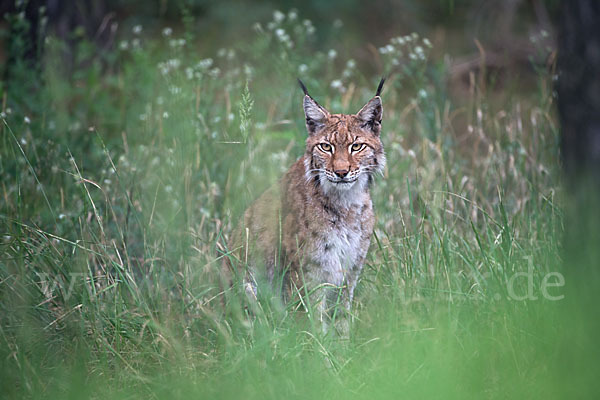 Luchs (Felis lynx)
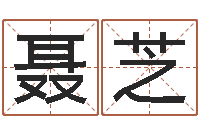 聂芝承运原-车牌号取名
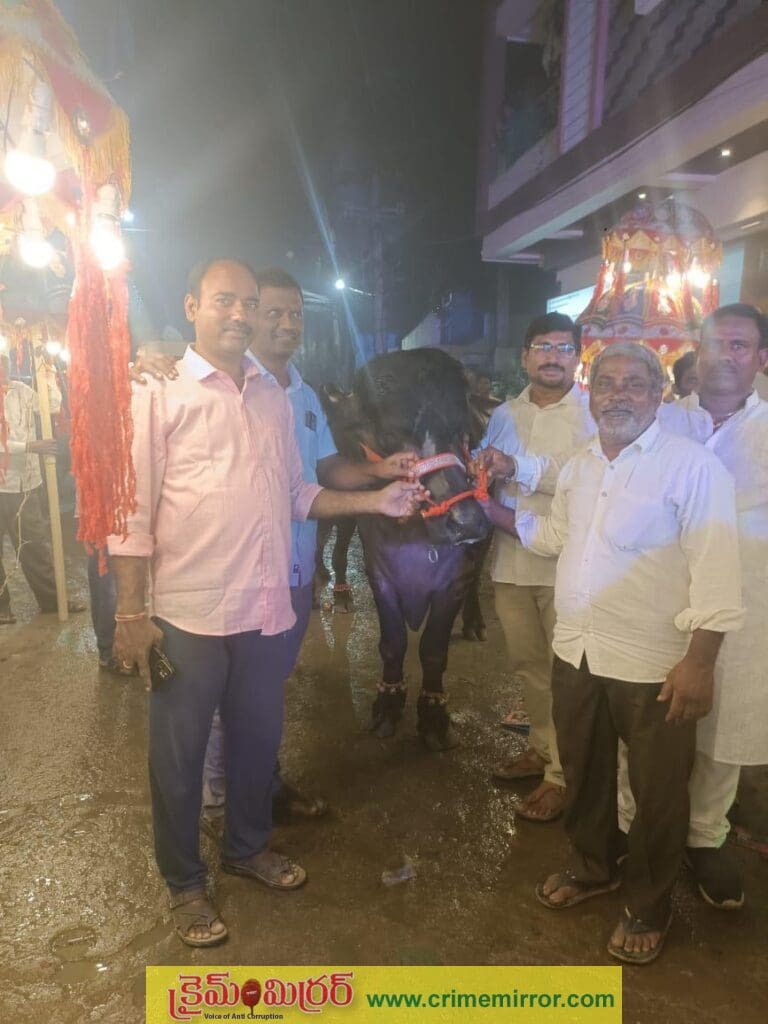 వివేకానంద నగర్ లో ఘనంగా సదర్ వేడుకలు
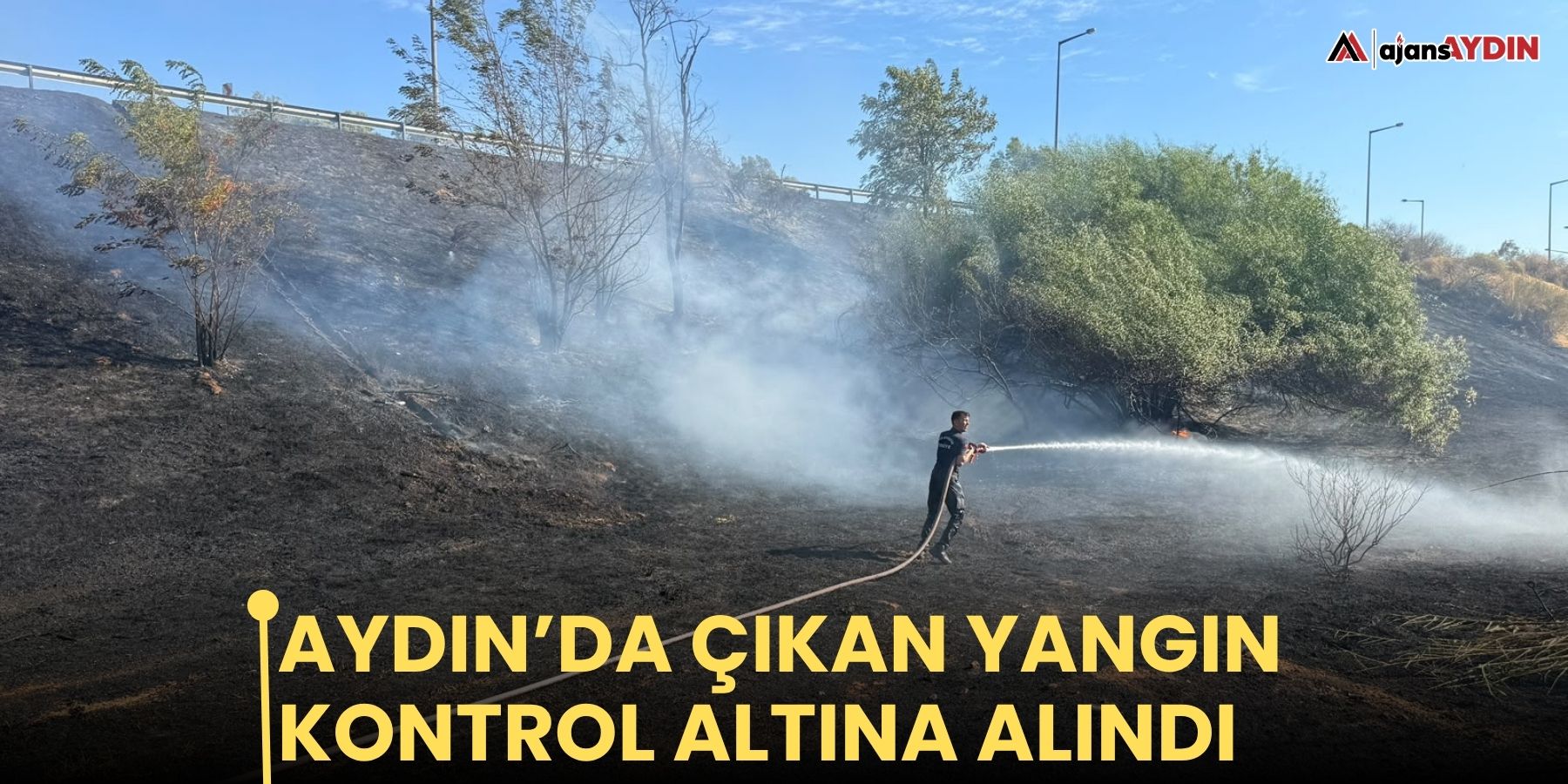 Aydın’da çıkan yangın kontrol altına alındı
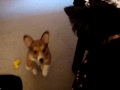 Butterball at 2 months Hanging on Oreo's face
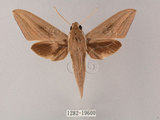 W:Theretra latreillei lucasii (Walker, 1856)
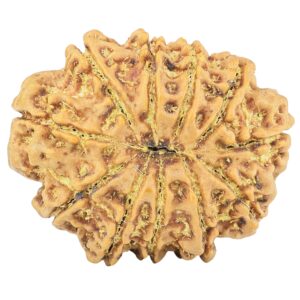 11 Mukhi Rudraksha 31.7mm 7.69gm - Rudraksha back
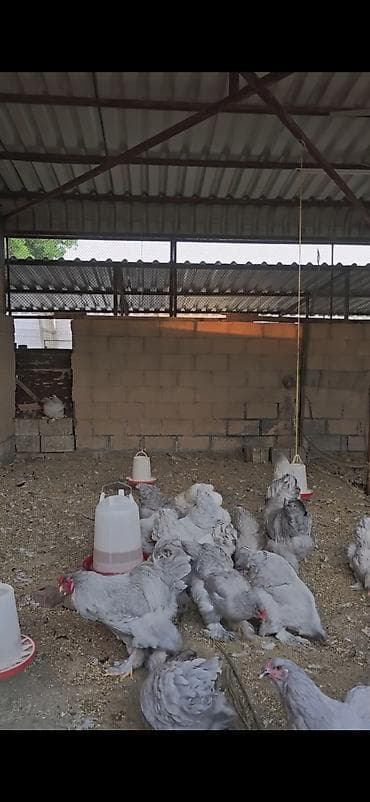 qusarda inek satilir: Boz rəngli Brahma cinsli toyuqlar 10 toyuq 3 xoruz — 2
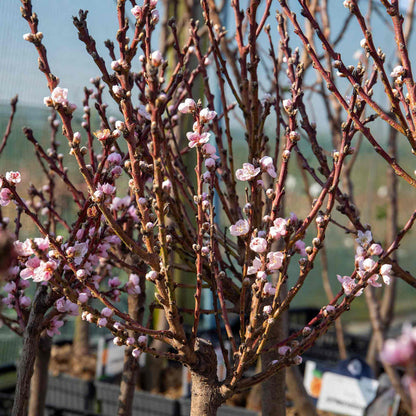 Peach 'Suncrest'
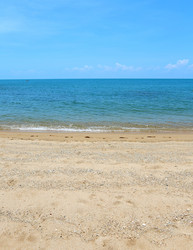 Similar image 6444937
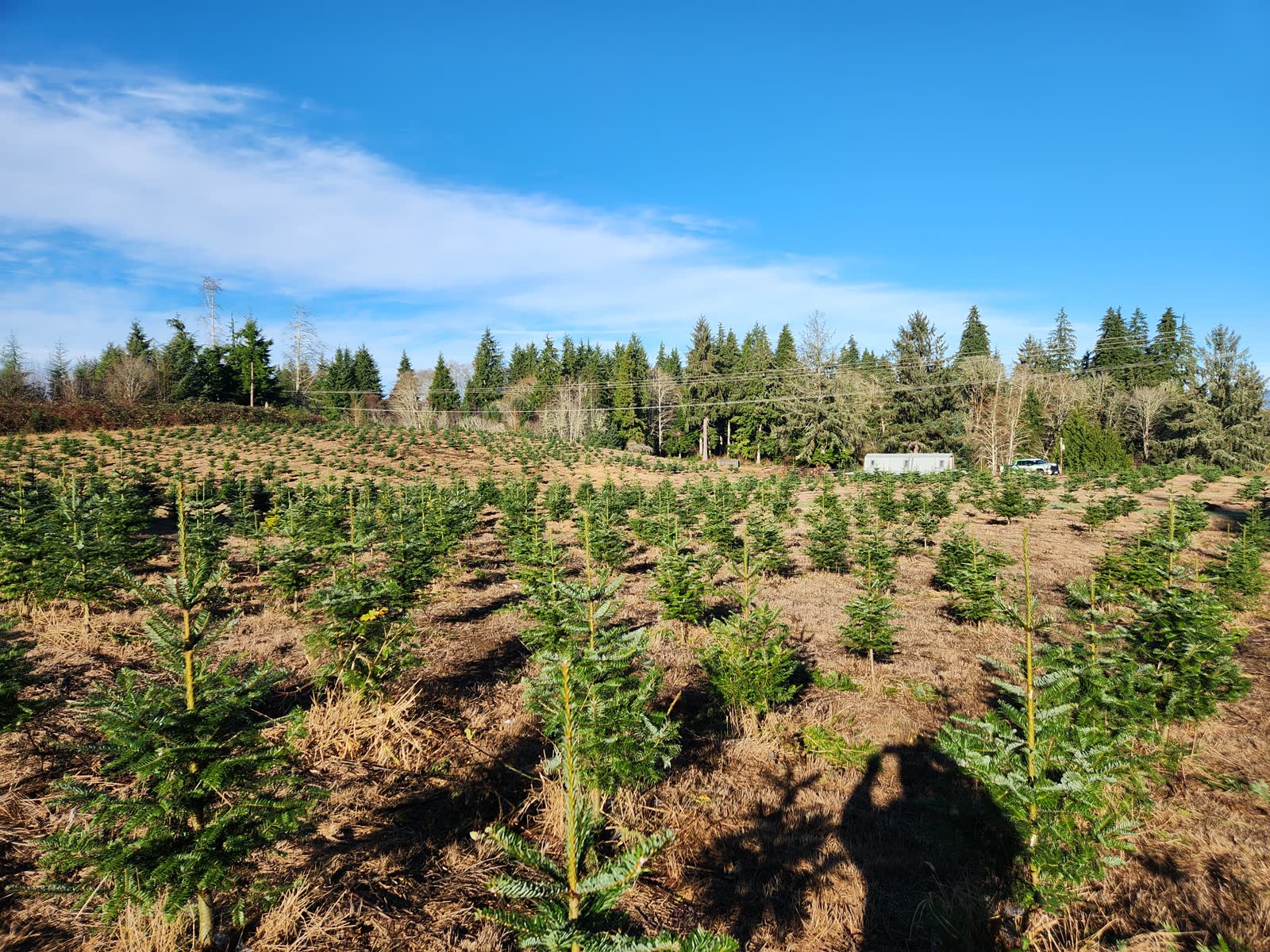 Rows of young evergreen trees growing on a hillside tree farm beneath a bright blue sky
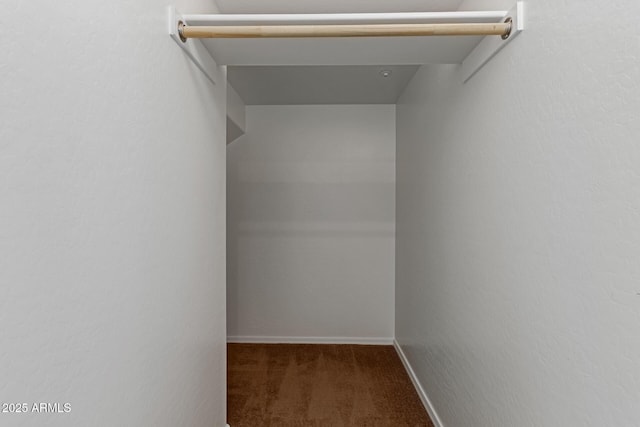 spacious closet featuring carpet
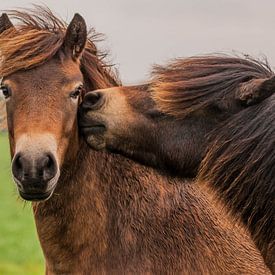 Liefkozende pony's van Photo by Krista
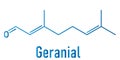 Geranial lemon fragrance molecule. Citral. Skeletal formula.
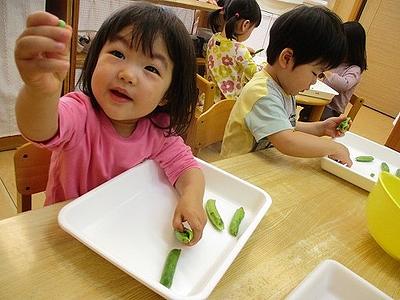 お豆コロコロするね　小さいね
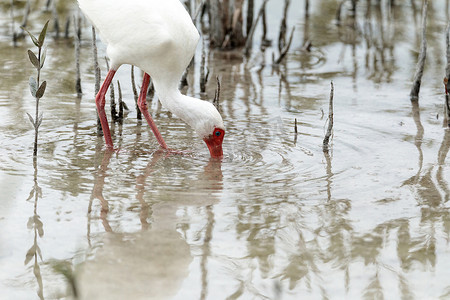 逢考必中摄影照片_池塘中的美国白宜必思 Eudocimus albus 鸟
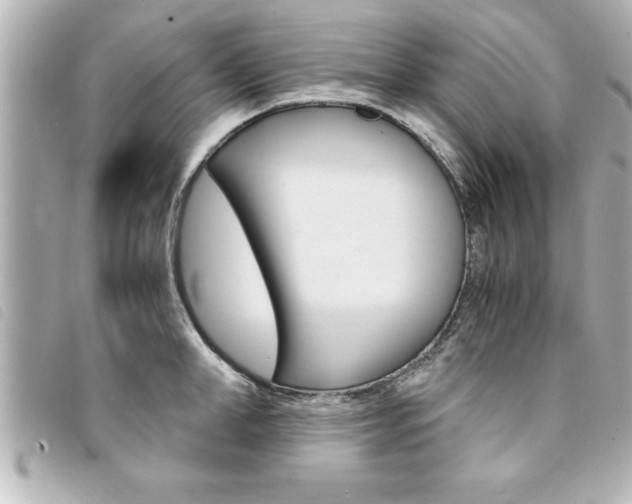 X0000094200998200710260908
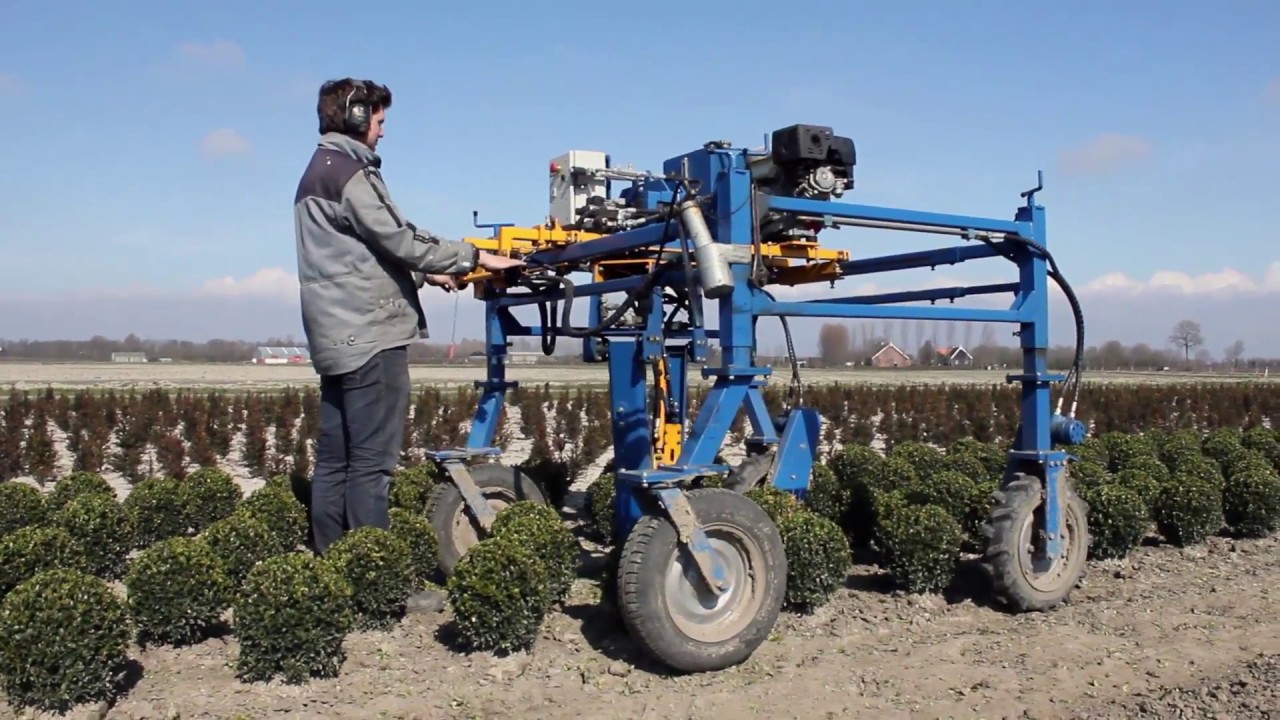 Kwekerij de Koeijer: Buxus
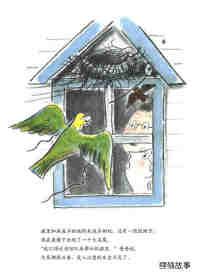 小狗本吉系列--本吉和鹦鹉绘本故事第16页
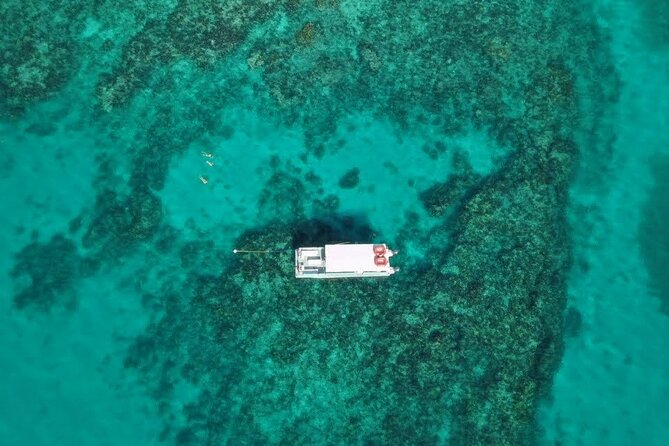 Snorkel Tour - Visit 2 Shallow Reefs John Pennekamp State Park - Equipment, Masks, and Safety Rules That Actually Change Your Day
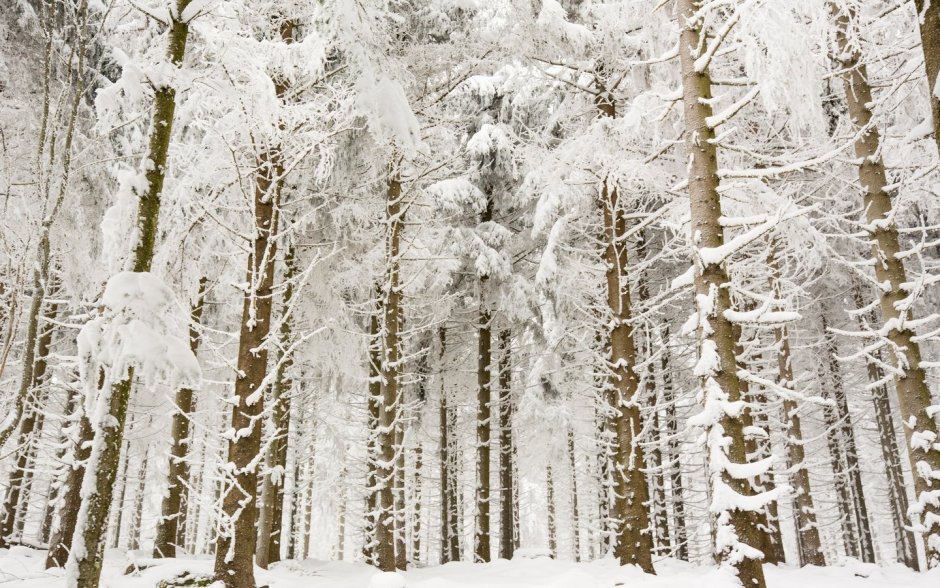 Зимний лес снегопад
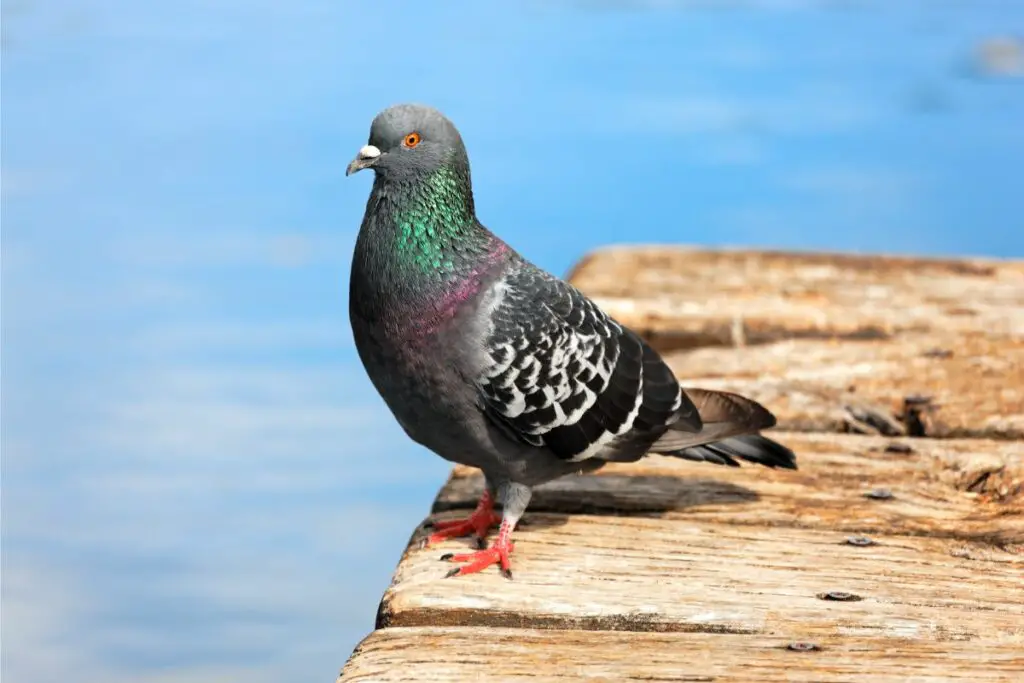 The Spiritual Meaning Of Pigeons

----

TASK GOAL
Copy out exactly, without any pictures, the lines above that begin at the one with "小狗本吉系列--本吉和鹦鹉绘本故事第16页" and end at the last line of the listing.

ANSWER TO THIS TASK
 小狗本吉系列--本吉和鹦鹉绘本故事第16页
 Snorkel Tour - Visit 2 Shallow Reefs John Pennekamp State Park - Equipment, Masks, and Safety Rules That Actually Change Your Day
 Зимний лес снегопад
 The Spiritual Meaning Of Pigeons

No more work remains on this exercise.